New research suggests HIV drug could combat middle-aged memory loss
Do you ever find yourself heading to the fridge only to forget why you went there in the first place? That's a common occurrence as we age and our memory worsens.
Now, there could be a new treatment for middle-aged memory loss on the horizon and it comes in the shape of an HIV drug. University of California, Los Angeles (UCLA) researchers have discovered a key molecular mechanism behind memory linking and found a way to restore this brain function in middle-aged mice through an FDA-approved drug, according to a press release published by the institution on Wednesday.
Strengthening human memory in middle age
"Our memories are a huge part of who we are," explained Alcino Silva, a distinguished professor of neurobiology and psychiatry at the David Geffen School of Medicine at UCLA. "The ability to link related experiences teaches how to stay safe and operate successfully in the world."

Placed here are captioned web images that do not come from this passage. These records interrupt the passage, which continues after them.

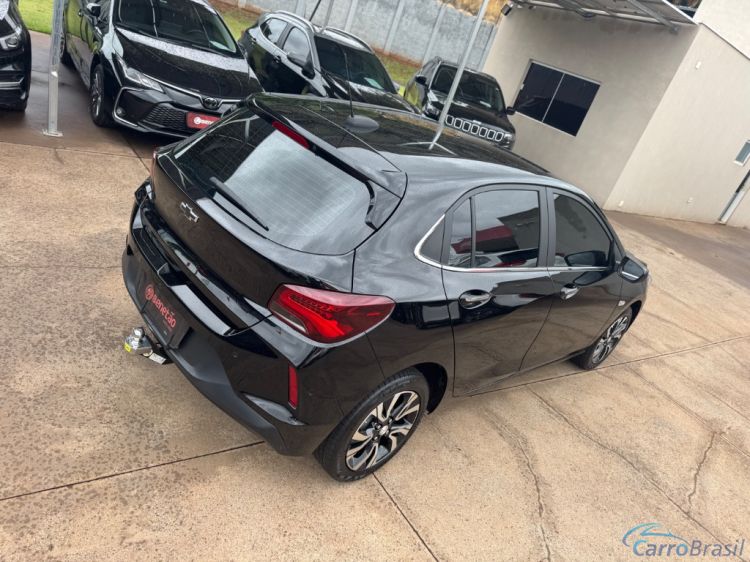 Benetão Veículos | Onix HATCH PREM. 1.0 12V TB Flex 5p Aut. 23/24 - foto 6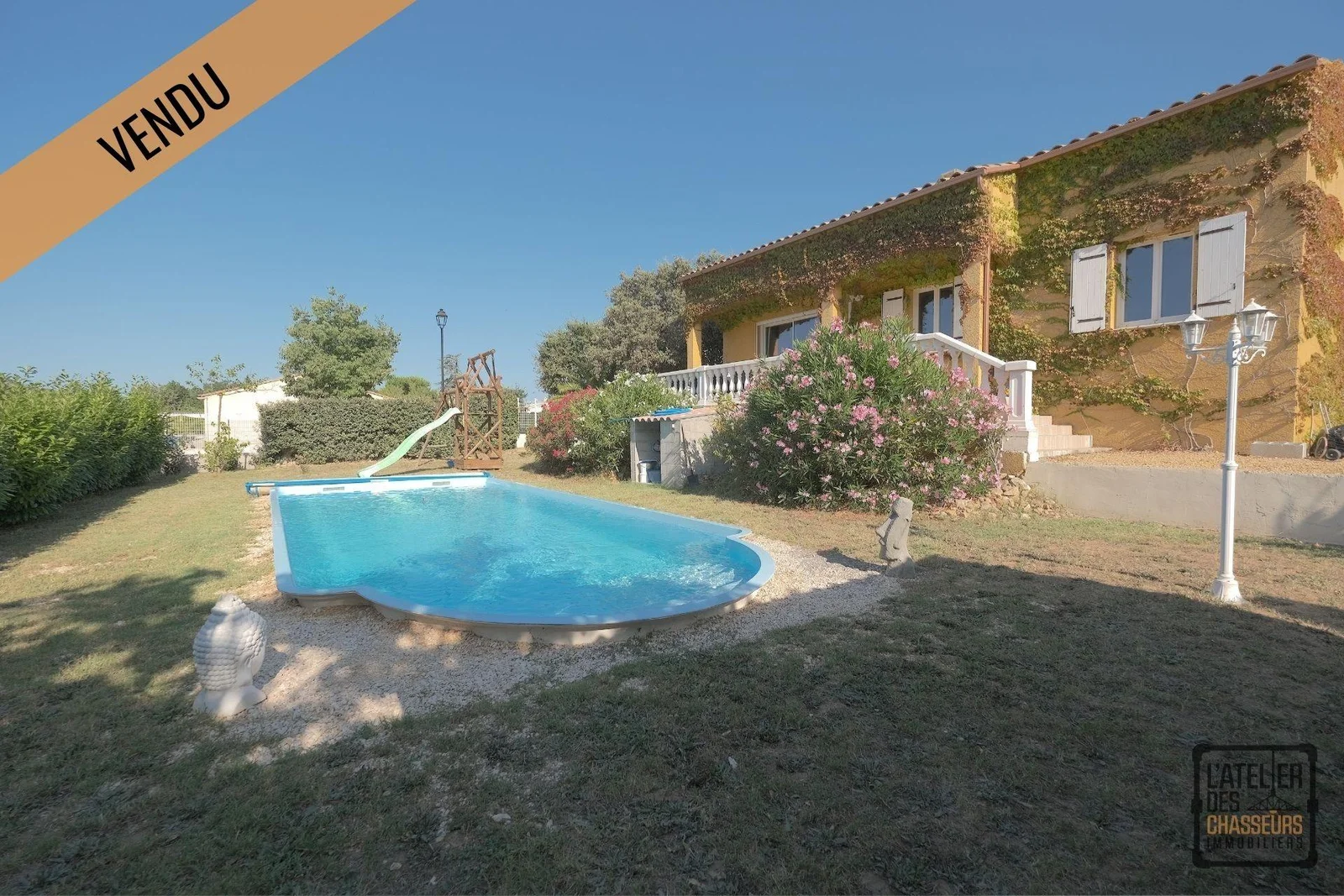 EXCLUSIVITÉ ! MAISON 5 PIÈCES DE PLAIN PIED AVEC PISCINE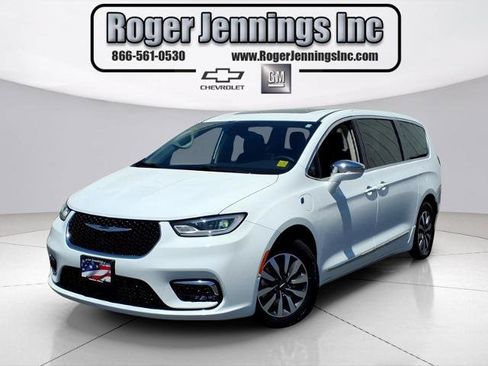 Used 2022 Chrysler Pacifica Limited FWD image 1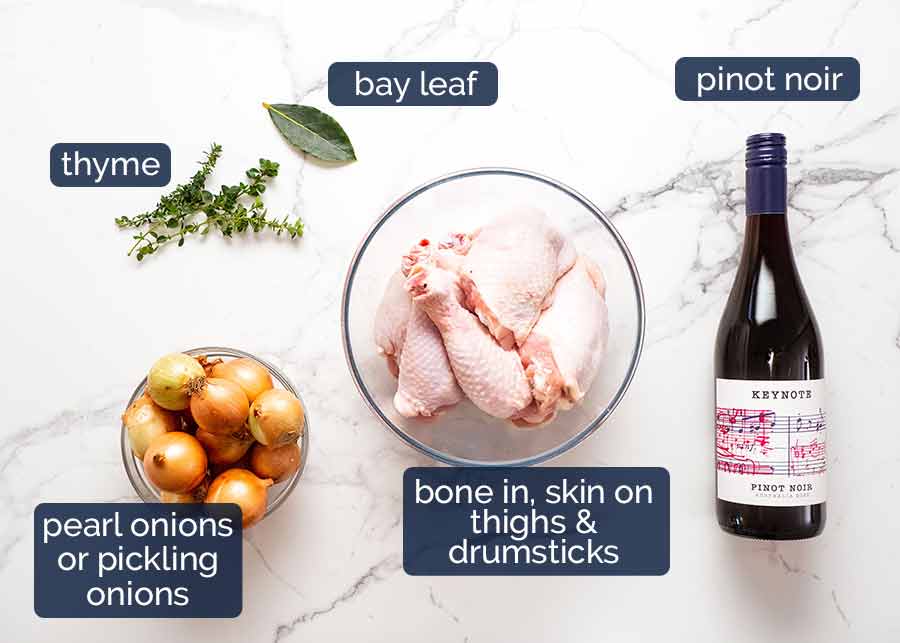 Ingredientes en Coq au Vin - estofado de pollo francés
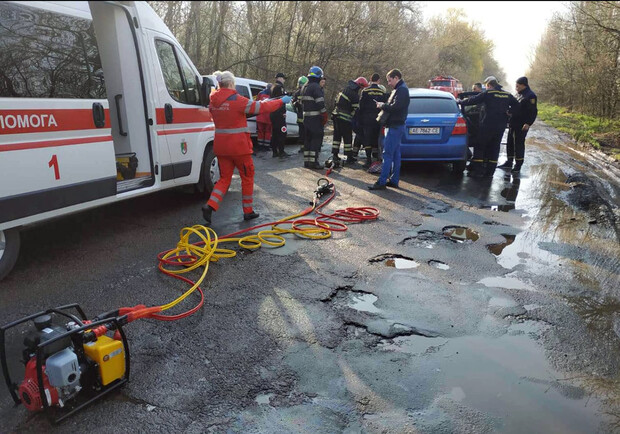 Один человек погиб, двое – в больнице: на разбитой трассе под Днепром страшное ДТП - фото: ГСЧС Днепропетровской области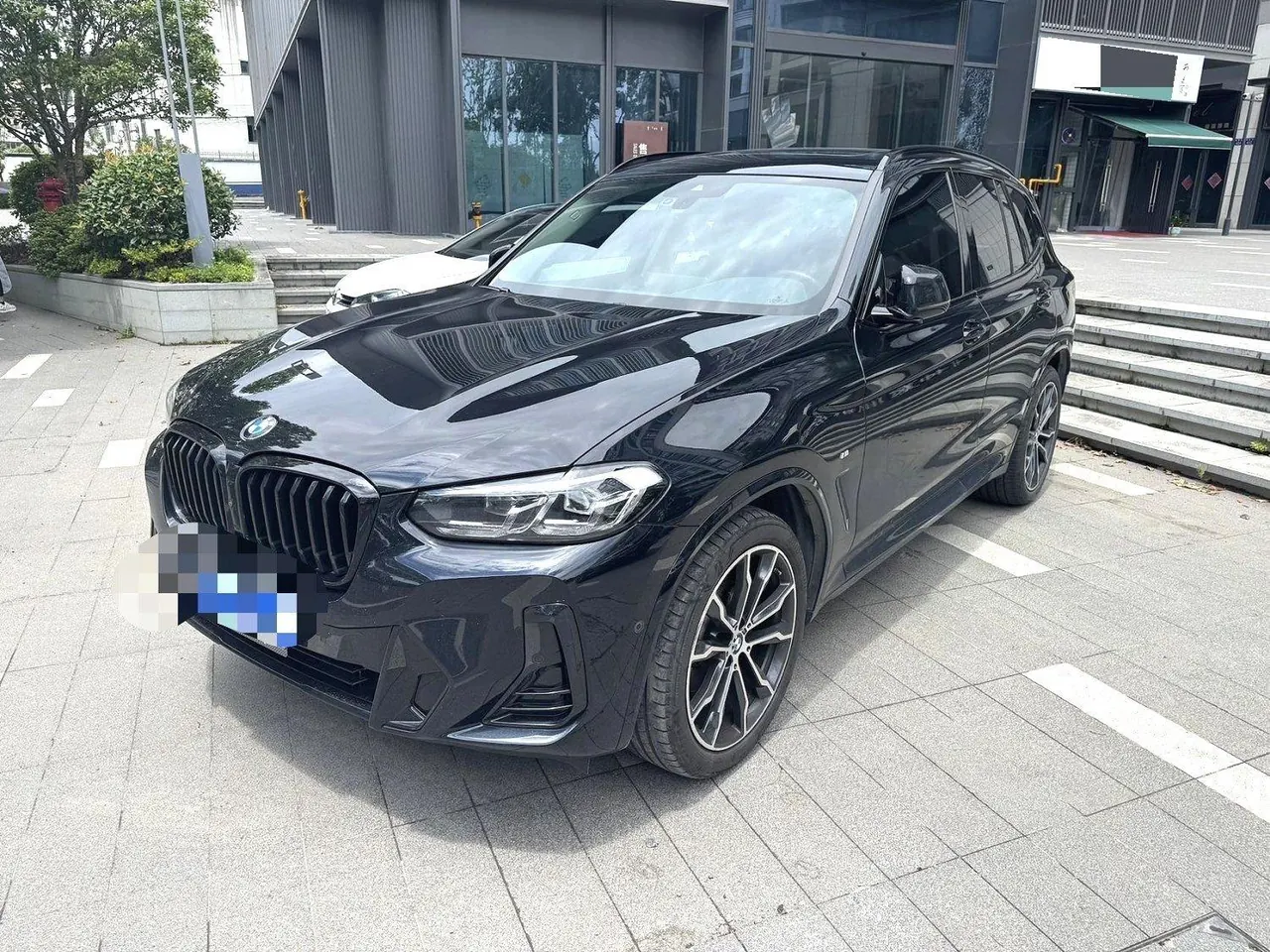 BMW 2023 X3 xDrive30i 2.0T Leading M Obsidian Night Suit Automatic Gear - View 1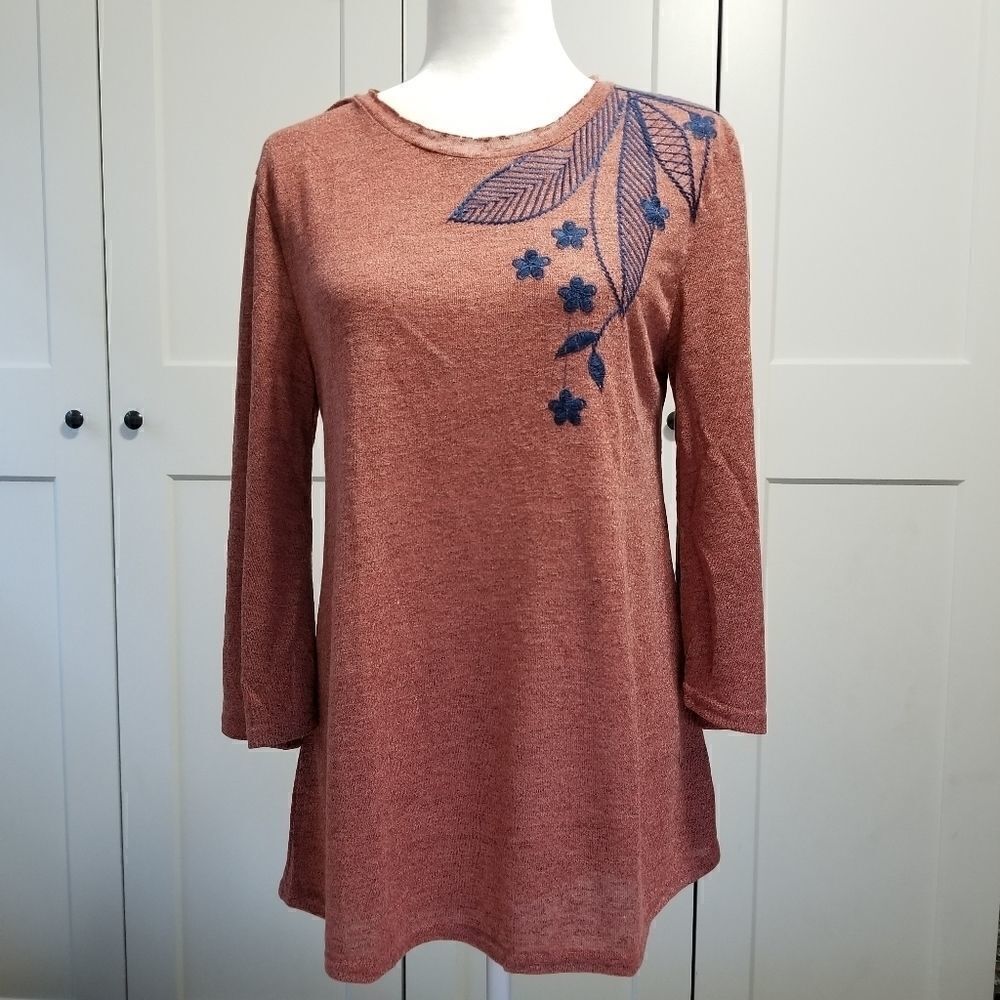 Mittoshop bell sleeve embroidered top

The new research offers the possibility of finding a new method for strengthening human memory in middle age and preventing dementia. It all has to do with a gene called CCR5.
Silva's lab had found in earlier research that CCR5 expression reduced memory recall. Essentially, in the experiments, it messed with the central mechanism underlying mice's ability to link their memories of two different cages.
The researchers amplified CCR5 gene expression in the brains of middle-aged mice to see the effect and found that it did indeed interfere with memory linking. When lots of CCR5 was present, the animals forgot the connection between the two cages.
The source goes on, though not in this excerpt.